**What to do**.
Reproduction of part of the material below, pictures omitted: copy exactly, and only, the lines starting with the one with "a bathroom with" and going on through the one with "Foto de uma".

-------- Input data --------

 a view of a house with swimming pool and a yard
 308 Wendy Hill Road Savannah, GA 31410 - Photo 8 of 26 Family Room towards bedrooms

--------
-------- Input data --------

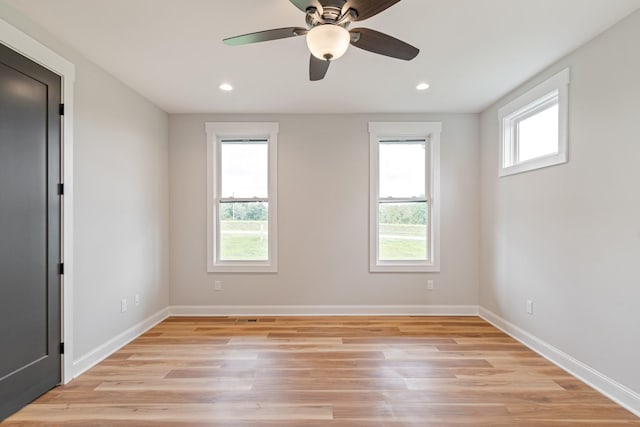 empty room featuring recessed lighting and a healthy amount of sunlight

--------
-------- Input data --------

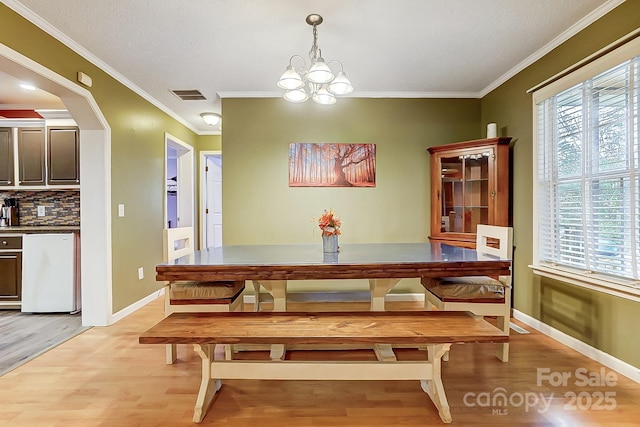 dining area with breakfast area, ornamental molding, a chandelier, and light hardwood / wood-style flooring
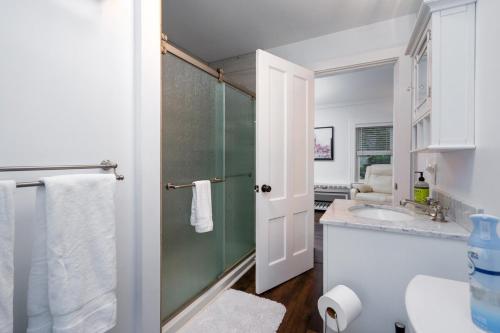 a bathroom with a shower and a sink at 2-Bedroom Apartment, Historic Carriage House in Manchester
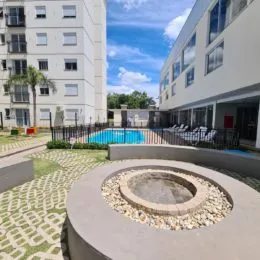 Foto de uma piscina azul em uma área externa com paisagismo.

--------

**Written solution**.
 a bathroom with a shower and a sink at 2-Bedroom Apartment, Historic Carriage House in Manchester
 Foto de uma piscina azul em uma área externa com paisagismo.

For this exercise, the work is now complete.